Using the data below, set down every line from the one containing "Make It Blocks" through the one containing "Pre-owned Kule Striped", inclusive and unchanged. Pictures are to be skipped.

## Provided material
=== Section Start ===
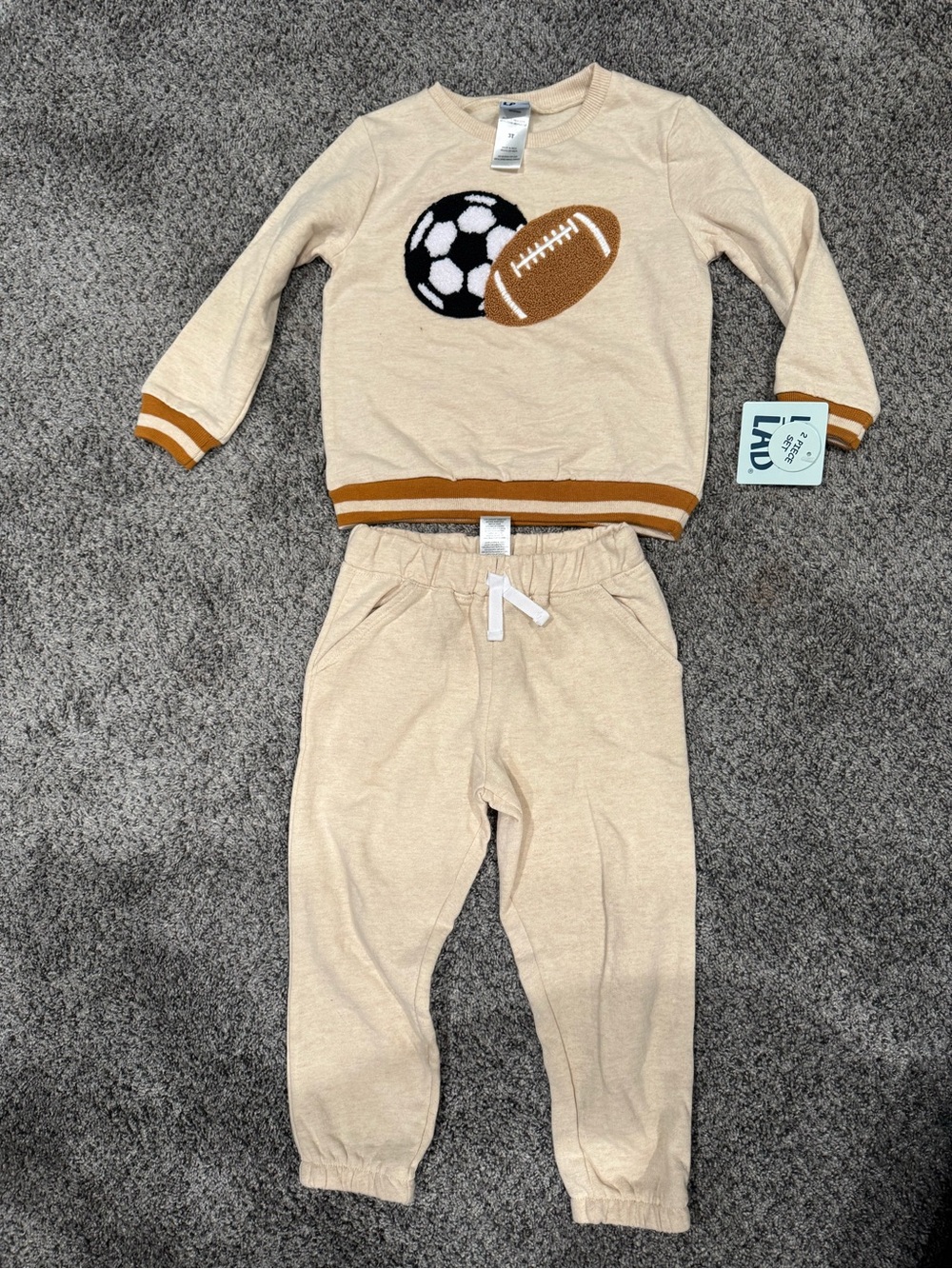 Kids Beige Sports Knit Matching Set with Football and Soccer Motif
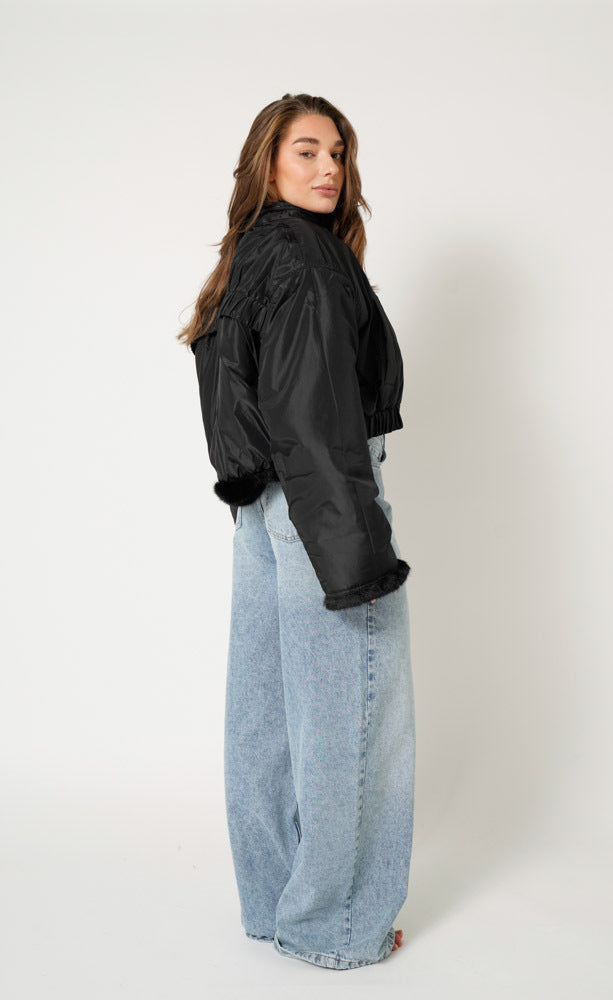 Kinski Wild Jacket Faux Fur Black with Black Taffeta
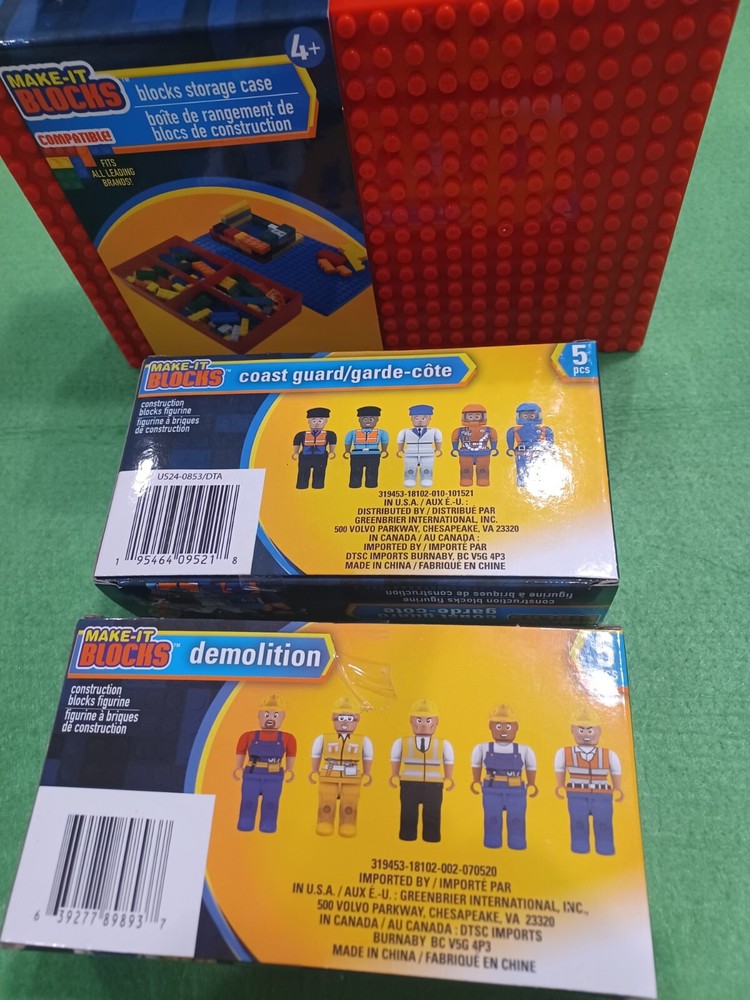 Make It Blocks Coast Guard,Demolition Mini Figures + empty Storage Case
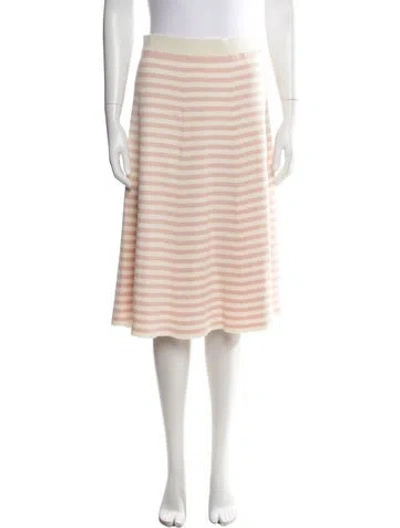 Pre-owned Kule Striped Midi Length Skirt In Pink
=== Section End ===
=== Section Start ===
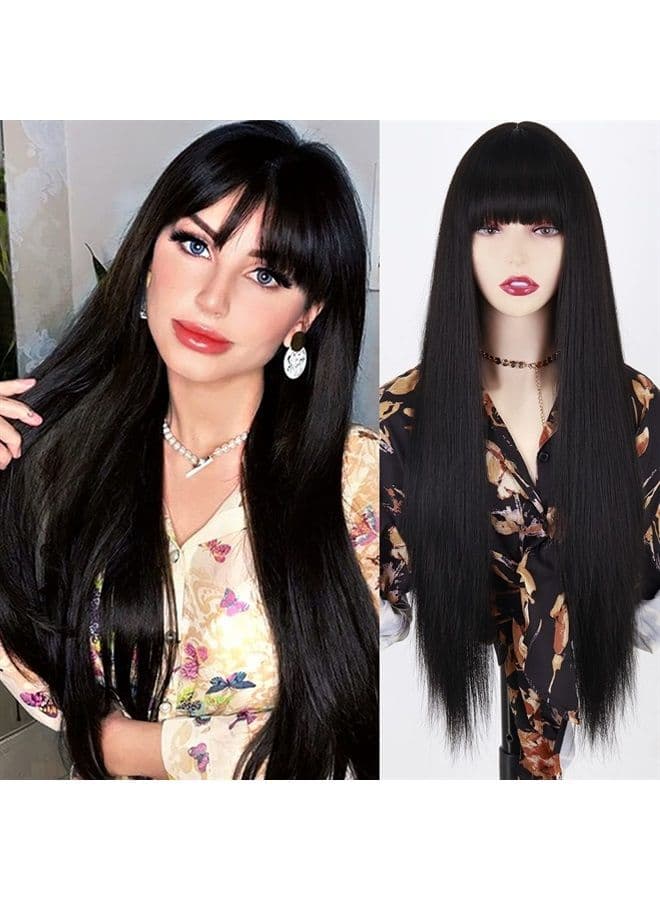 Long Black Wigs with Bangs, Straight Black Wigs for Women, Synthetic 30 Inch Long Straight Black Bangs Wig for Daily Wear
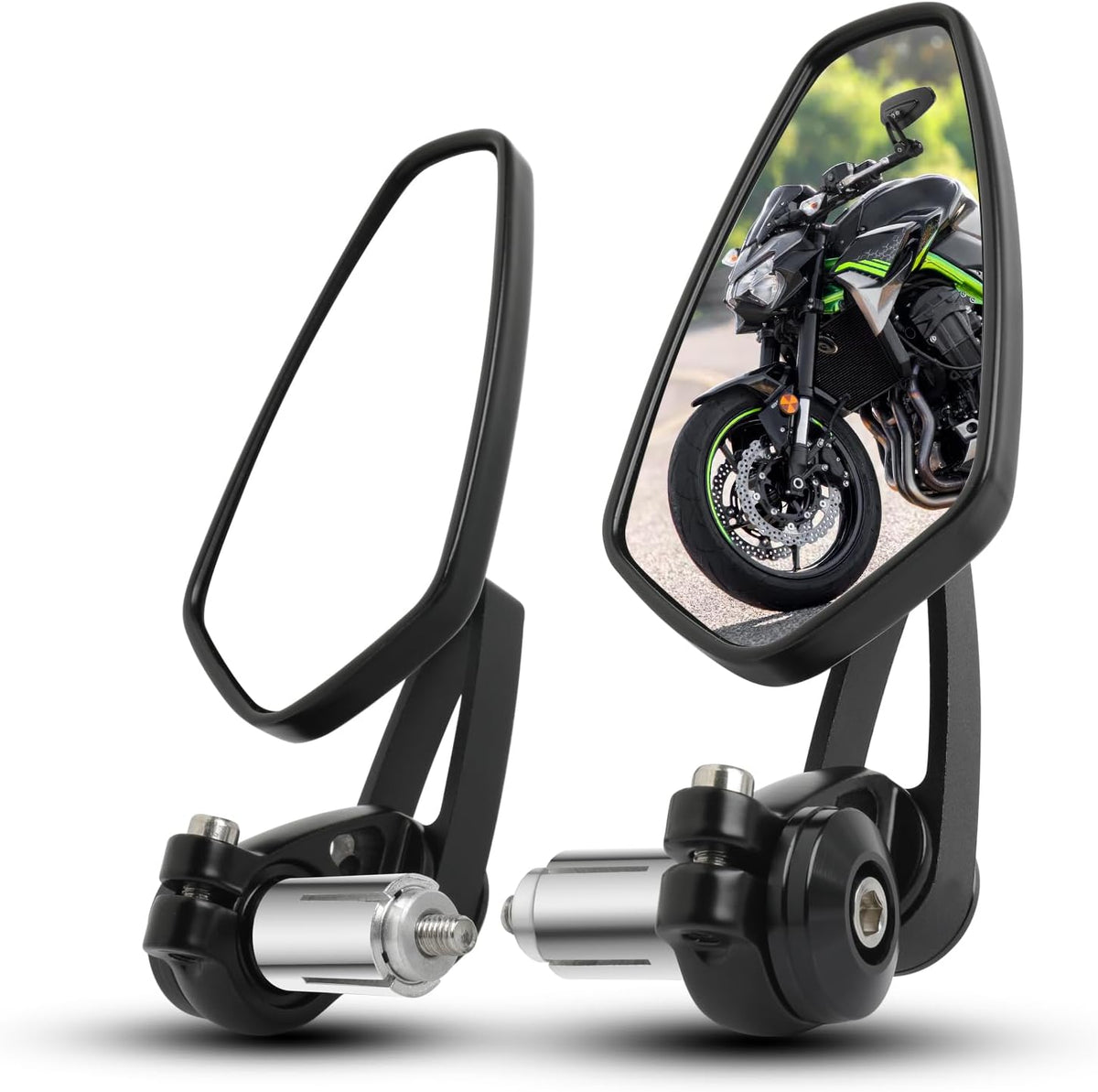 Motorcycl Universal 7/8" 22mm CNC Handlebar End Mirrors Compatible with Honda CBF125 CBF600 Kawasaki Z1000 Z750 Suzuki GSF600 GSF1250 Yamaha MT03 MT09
=== Section End ===
## The completed task
 Make It Blocks Coast Guard,Demolition Mini Figures + empty Storage Case
 Pre-owned Kule Striped Midi Length Skirt In Pink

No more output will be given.